Der Innenexperte der SPD-Bundestagsfraktion, Michael Hartmann, vertritt bei der Vorratsdatenspeicherung den Grundsatz: "Gründlichkeit vor Schnelligkeit." Im Bund dürfe keine vorschnelle Entscheidung fallen, sagte der Abgeordnete dem Tagesspiegel. Vielmehr sei erst "der Prozess in Europa" mit der anstehenden Entscheidung des Europäischen Gerichtshofs abzuwarten und auf eine Reform der einschlägigen EU-Richtlinie hinzuwirken, "die wir guten Gewissens umsetzen können".

Das Thema an sich sei "durch die Debatte um die NSA heikler geworden", räumte Hartmann ein. Aber die Polizei brauche die Vorratsdaten. In den Koalitionsverhandlungen seien zudem bereits "einige Sicherungen" eingebaut worden, "die vor Missbrauch schützen sollen".

Der CDU-Rechtspolitiker Günter Krings drängt dagegen weiter darauf, die EU-Vorgaben möglichst bald umzusetzen. Der Taxameter laufe "und mit jedem weiteren Monat, den wir warten, kann es sehr teuer werden". Erst anschließend solle Berlin in Brüssel auf kürzere Speicherfristen hinwirken. Netzpolitiker beider Fraktionen lehnen die Vorratsdatenspeicherung ab.

Konträr sind die schwarz-roten Ansichten auch in der Frage, wann ein neuer Bundesdatenschutzbeauftragter sein Amt antreten soll. Die Zeit von Peter Schaar endet nach zehn Jahren regulär Mitte Dezember. Bundesinnenminister Hans-Peter Friedrich (CSU) signalisierte dem Grünen bereits im Frühherbst, dass seine Dienste für eine Übergangsfrist bis zur Wahl eines neuen Bundesdatenschützers nicht gewünscht seien.

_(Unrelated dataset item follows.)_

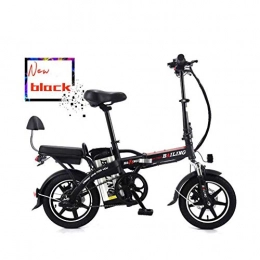 CJCJ-LOVE Electric Bike CJCJ-LOVE 14 Inch Folding Electric Bike, 48V / 12A / 350W Endurance 40-50 Km Lithium Battery E-Bike Tandem Bicycles Two Seats, Black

Diese Linie trägt der CDU-Innenpolitiker Wolfgang Bosbach mit. "Angesichts des Umstandes, dass der Datenschutz nicht nur wegen der NSA-Spähaffäre, sondern auch wegen der Debatten über die europäische Datenschutzgrundverordnung in den letzten Monaten eine neue Bedeutung bekommen hat, gehen wir davon aus, dass wir das Amt unmittelbar nach der Regierungsbildung wieder besetzen werden", erklärte er der Berliner Zeitung. Es gehe um eine der "wichtigsten Personalentscheidungen im neuen Jahr", für die er jemand favorisiere, der "parteipolitisch nicht gebunden ist". Schaar habe sich teils "sehr einseitig" etwa gegen die Vorratsdatenspeicherung ausgesprochen, obwohl diese "mit Überwachungsstaat überhaupt nichts zu tun" habe.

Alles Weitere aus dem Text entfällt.